Days after the hurricane struck, the lack of information and the constant images of the destruction Maria caused permeated the media, and many Puerto Ricans in Central Florida were beginning to realize the severity and magnitude of the damage done by Maria. Many groups in the community united and started to collect supplies to send to the island. At that same time, many in Puerto Rico started to come to Central Florida to seek refuge from the aftermath of the hurricane.

Florida is understandably a preferred place for Puerto Ricans to come as it offers job opportunities and access to education.  For several years there has been a consistent growth of the Puerto Rican population in Florida, surpassing the one million mark in 2014. For many Puerto Ricans already living in Central Florida, Hurricane Maria opened their eyes to see the number of Puerto Ricans who were already living in the community.  For others, it also served as a reminder that Puerto Rico is a territory of the United States and Puerto Ricans are U.S. citizens.

It took three weeks before I could finally communicate with my dad. My dad usually does not voluntarily like to visit us in the States, so when he insisted on leaving the island I knew things were really bad. He, along with many others who had the resources to escape the conditions on the island, did leave.  My household became a place of refuge for family members for extended periods of time.  In a sense, Central Florida and many other communities through the United States became a central point of response and recovery from Maria.

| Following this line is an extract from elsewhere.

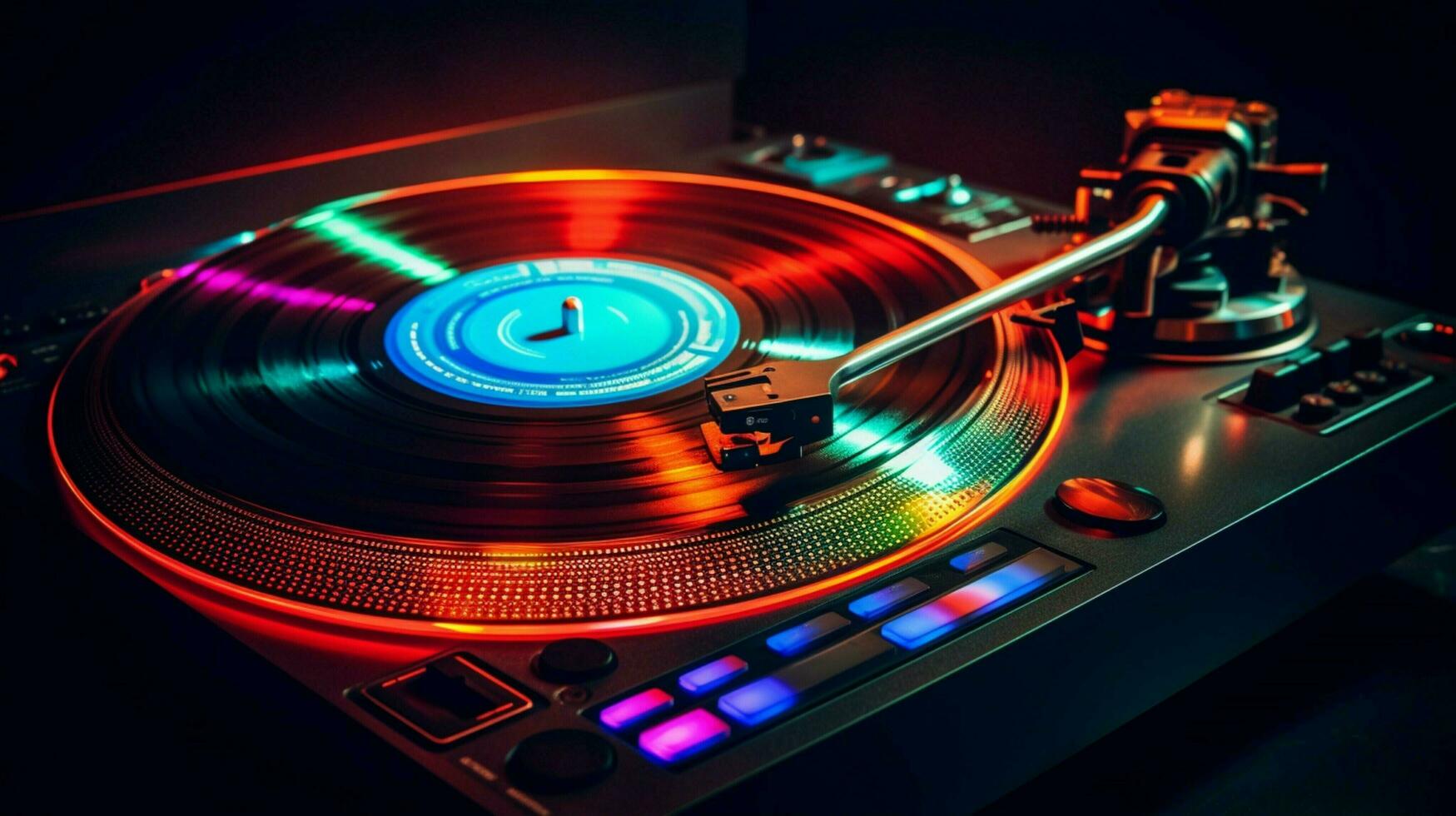 old fashioned turntable playing multi colored disco disk photo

It also highlighted the unique distinction of Puerto Rico having more Puerto Ricans living in the continental United States than in Puerto Rico, 5.5 million to 3.3 million respectively. This reality also sparked discussion around the importance of the Puerto Ricans living in the continental U.S. and their connection to the future of the island.

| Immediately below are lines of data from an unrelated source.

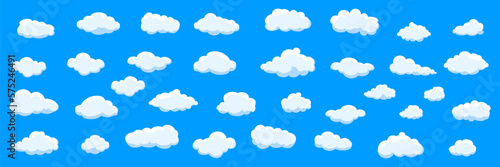 White cartoon clouds set isolated on blue background. Collection of different clouds for background template, wallpaper and fluffy sky design. Flat clouds concept. 3D clouds vector illustration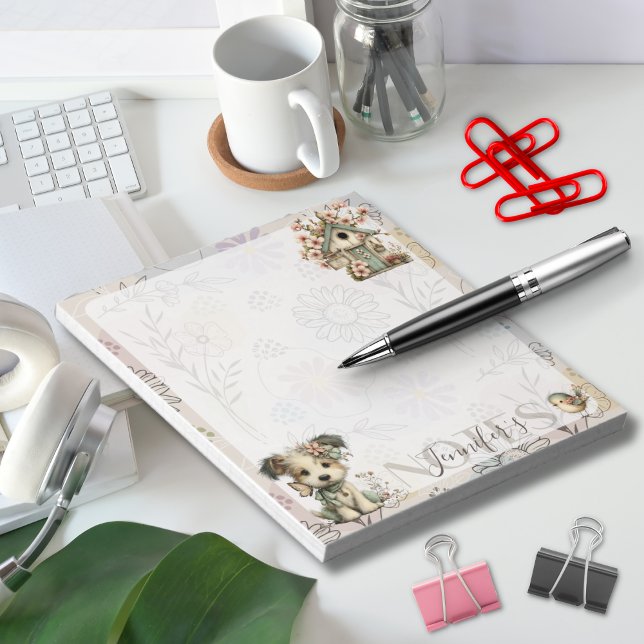 Bloc De Notas Personalized Pastel Dog & Floral Birdhouse Spring (Subido por el creador)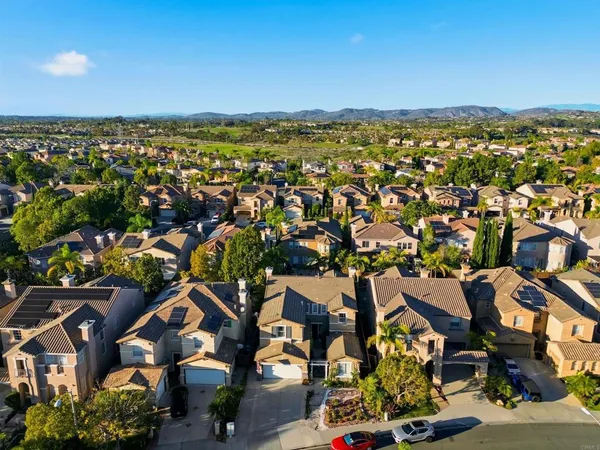 an aerial view of multiple house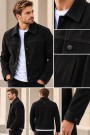 Men's Black Suede-Effect Jacket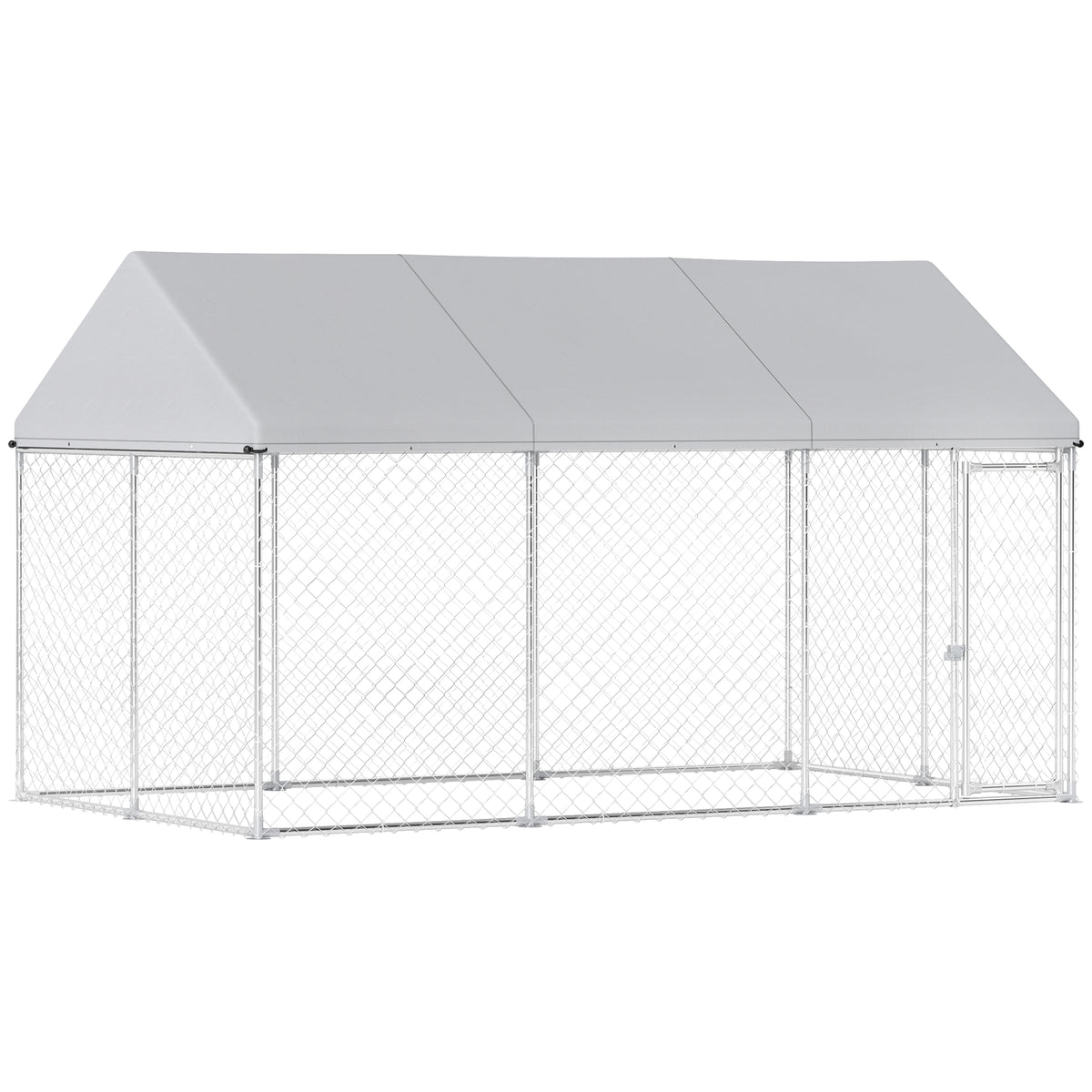 Galvanized Steel Outdoor Dog Kennel with Roof, Safety Lock, for Backyard, 13.1' x 7.5' x 7.8'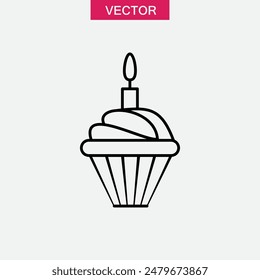Cupcake with candle line icon, linear style simple black flat illustration on white background..eps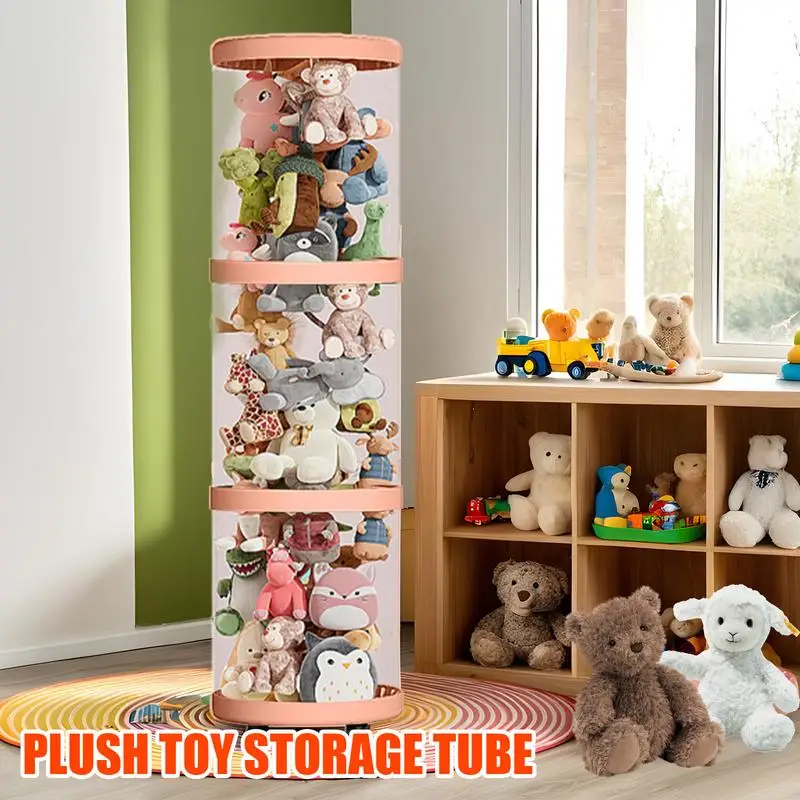 Vertical Toy Storage Tube Stuffed Animal Storage Tube With Buckle Vertical Stuffed Animal under The Bed Storage Low Profile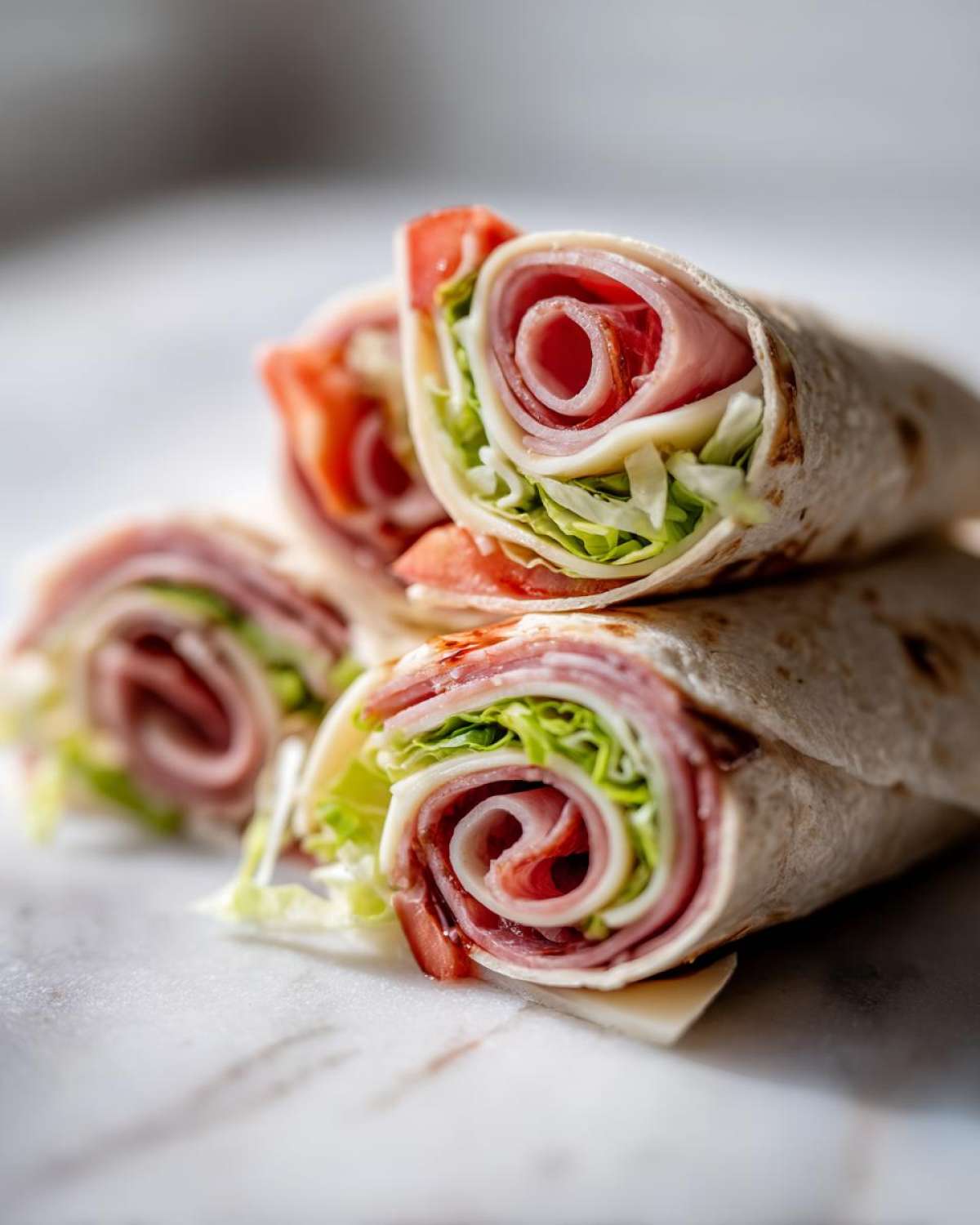 Close-up of three stacked Keto Italian Sub Roll-Ups showing layers of deli meat, cheese, lettuce, and tomato tightly rolled in a tortilla.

In my many travels to the island after Maria — ­visiting with fellow faculty members, family, friends and community members — I was constantly reminded that the best thing I could do for them and the island was to vote and bring awareness to the situation in Puerto Rico.  For a period of time, Hurricane Maria united Puerto Ricans from the island and stateside. That is a phenomenon that is usually experienced by communities after the immediate aftermath of any disaster situation. Yet, that unity and cohesion tends to dissipate after things get back to normal.  As time has passed, ideological, political, and social differences have started to fracture that initial unity of the Puerto Rican community. This is an unfortunate dilemma as — now more than ever — the Puerto Rican community needs to unite to encounter many of the social and economic issues the island is facing and worsened by the passage of Hurricane Maria.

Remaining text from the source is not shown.